*Work request*. The data that follows must be transcribed in full and exactly, minus the pictures.

━━ Raw data ━━

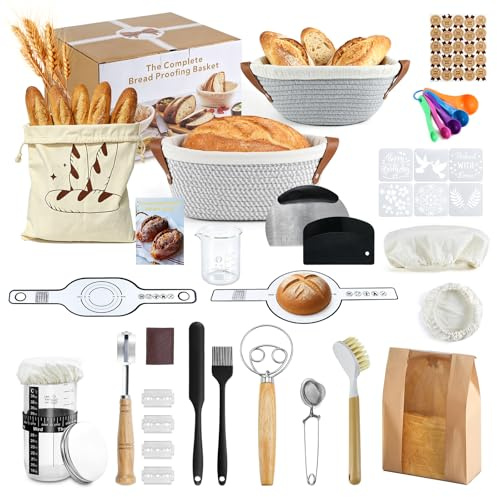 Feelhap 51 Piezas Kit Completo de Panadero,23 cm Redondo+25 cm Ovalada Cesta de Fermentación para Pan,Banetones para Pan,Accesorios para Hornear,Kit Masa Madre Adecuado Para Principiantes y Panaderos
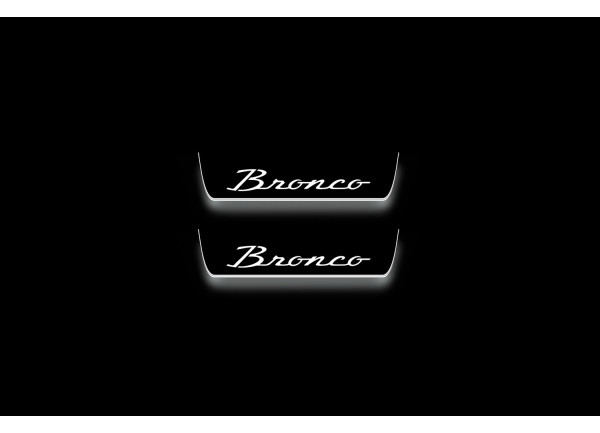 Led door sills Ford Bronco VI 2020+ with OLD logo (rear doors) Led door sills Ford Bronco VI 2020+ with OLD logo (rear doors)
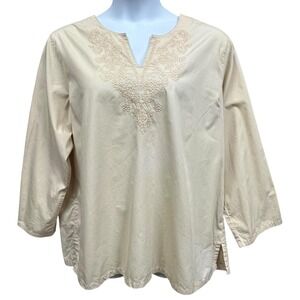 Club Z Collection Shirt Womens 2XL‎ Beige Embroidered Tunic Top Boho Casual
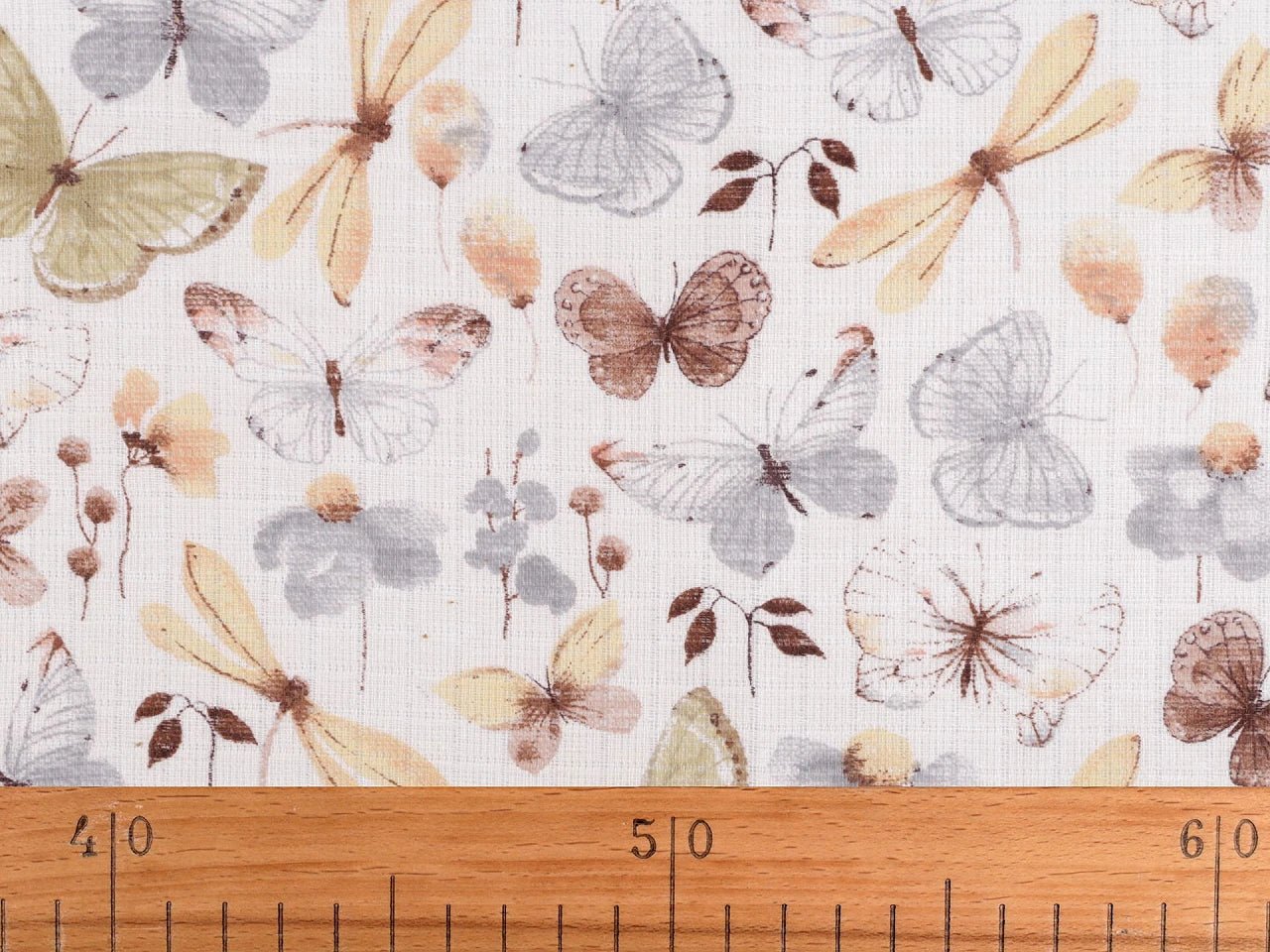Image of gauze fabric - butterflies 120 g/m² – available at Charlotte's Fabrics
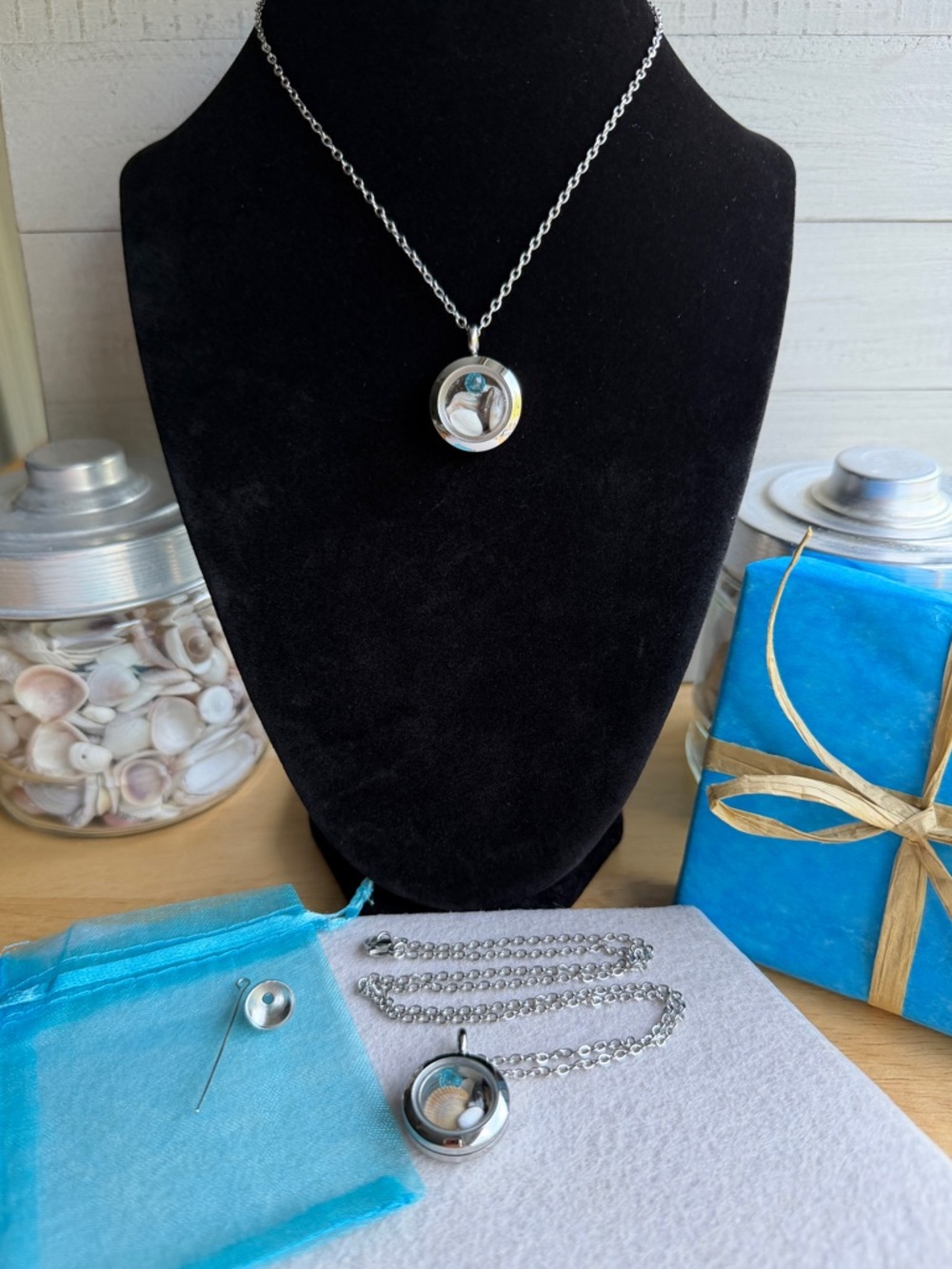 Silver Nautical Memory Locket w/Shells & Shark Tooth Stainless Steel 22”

━━━

*Output of the exercise*.
 Feelhap 51 Piezas Kit Completo de Panadero,23 cm Redondo+25 cm Ovalada Cesta de Fermentación para Pan,Banetones para Pan,Accesorios para Hornear,Kit Masa Madre Adecuado Para Principiantes y Panaderos
 Led door sills Ford Bronco VI 2020+ with OLD logo (rear doors) Led door sills Ford Bronco VI 2020+ with OLD logo (rear doors)
 Club Z Collection Shirt Womens 2XL‎ Beige Embroidered Tunic Top Boho Casual
Image of gauze fabric - butterflies 120 g/m² – available at Charlotte's Fabrics
 Silver Nautical Memory Locket w/Shells & Shark Tooth Stainless Steel 22”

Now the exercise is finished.